Newcastle United scores carbon savings with CHP deal

Image description required

Image: Joe89316/WikiCommons.

Newcastle United Football Club (NUFC) has collaborated with ENER-G to install a combined heat and power (CHP) system at its St James’ Park stadium in the heart of the city.

The football club, which kicks off its Championship campaign this weekend, has received a 230kWh CHP engine to provide the stadium with electricity and heat.

Due to grid constraints, ENER-G was forced to de-rate the system's capacity to 185kWh. The system was delivered in three sections, and rebuilt on site, owing to the fact the St James' Park plant room is located within the stadium itself.

NUFC has entered into a 12-year agreement with ENER-G for operation of the system. The club paid no capital outlay for the equipment, installed on a pay-as-you-save basis, and will not contribute towards its maintenance. Instead it will be charged for any electricity the system produces, albeit at a discounted rate.

Heat supplied by the system is is free of charge.

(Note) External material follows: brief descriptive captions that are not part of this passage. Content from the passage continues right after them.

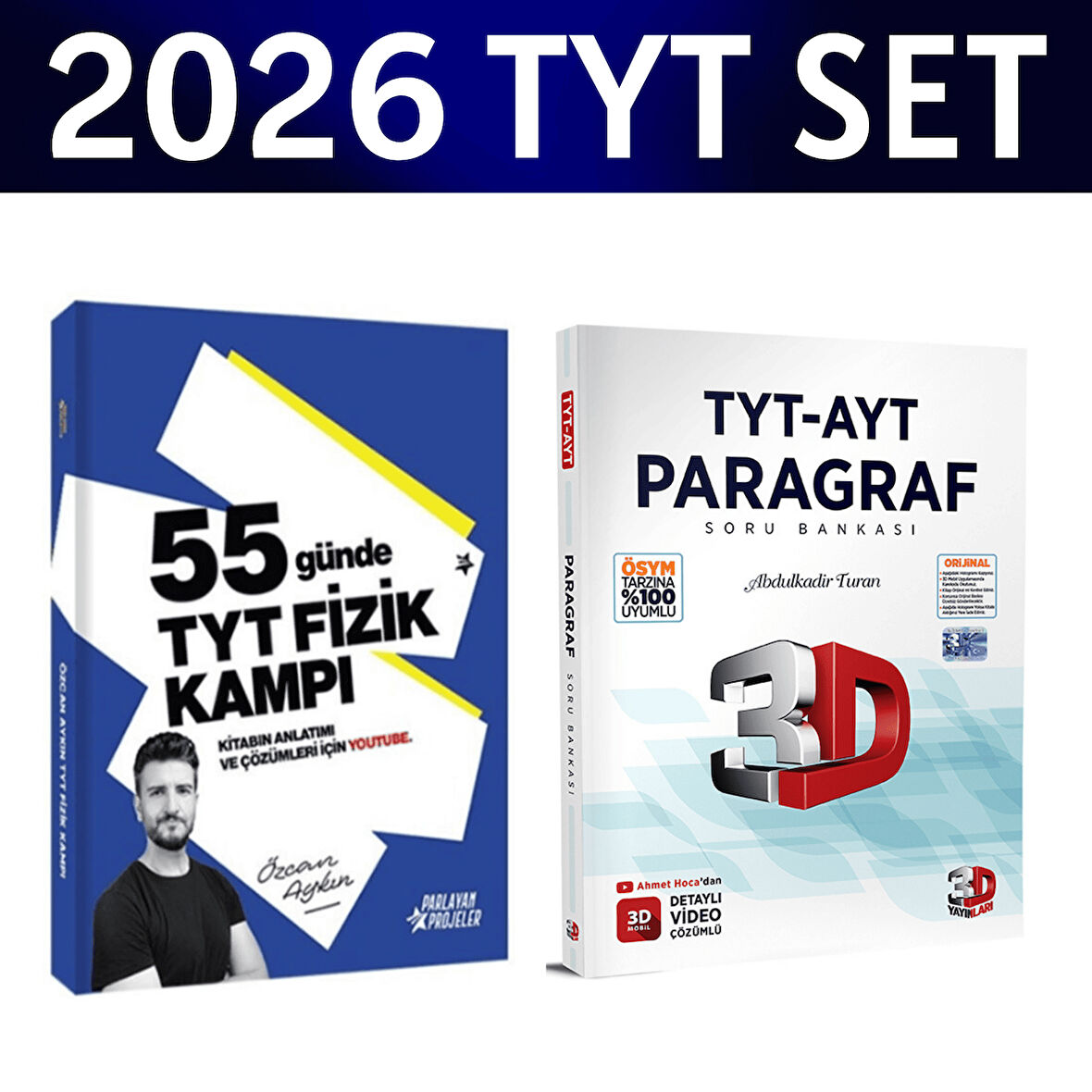 2026 TYT 55 Günde Fizik Kampı Özcan Aykın+ TYT AYT Paragraf Soru Bankası 3D Yayınları
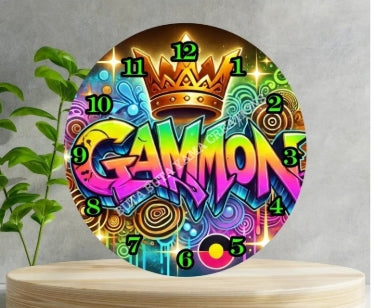 Gammon Wooden Clock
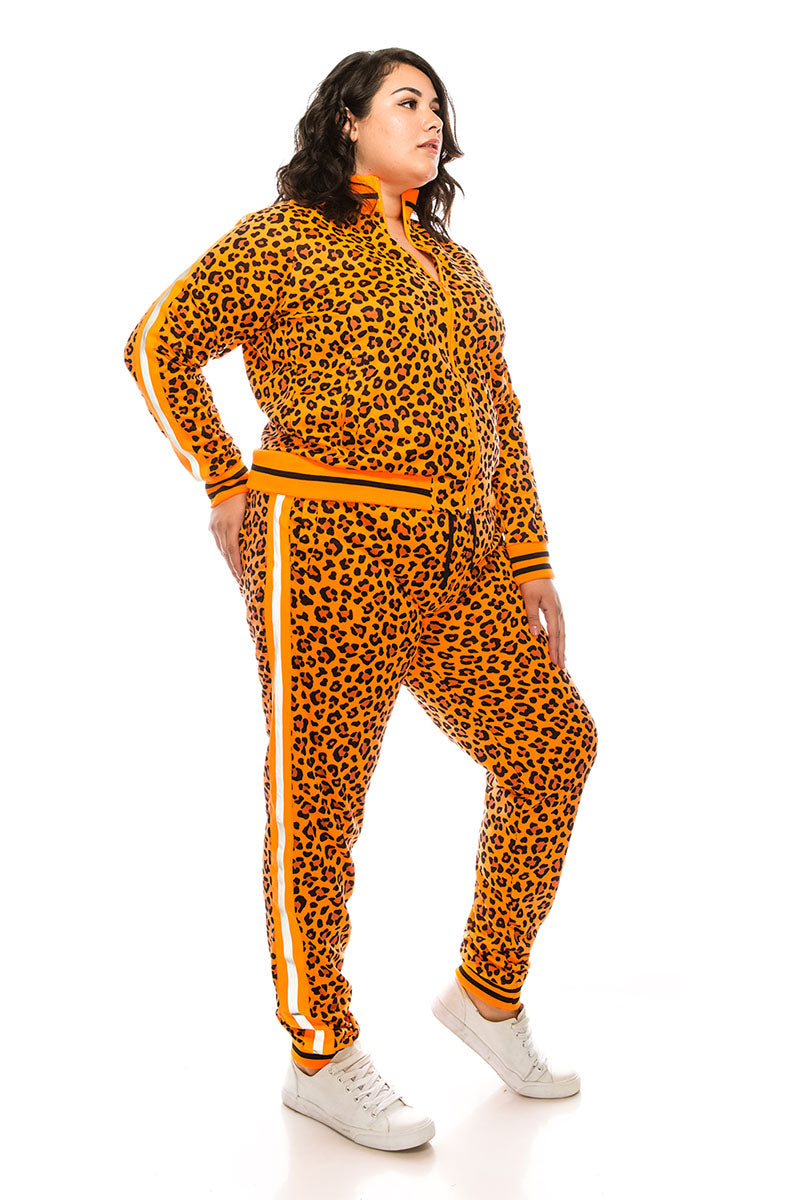 Women's reflective leopard track suits (curve)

Eddie Rutherford, facilities manager at NUFC, said that the install was a “major step” in the club’s drive for "outstanding green performance”.

NUFC became the first professional football club in the world to achieve the Carbon Trust Standard in 2012 after attaining carbon positive status. St James’ Park has a raft of energy efficiency measures installed, including natural pitch irrigation, smart building and energy monitoring controls, and significant lighting upgrades.

The club’s staff have also been trained on energy consumption and expenditure.

"The less energy we use, the less carbon we emit, and the less impact we have on the environment, both locally and globally,” Rutherford said.

Ian Hopkins, sales director at ENER-G, added: “The club is demonstrating that environmental leadership also makes good financial sense by reducing its energy bills at the same time as shrinking its carbon footprint."

Newcastle United is not the first football club to announce the installation of green energy measures in the past few weeks. Last week Bristol City confirmed it had completed a 117kW solar PV array on the main stand of its Ashton Gate stadium under a PPA agreement which would see it save £7,500 per year.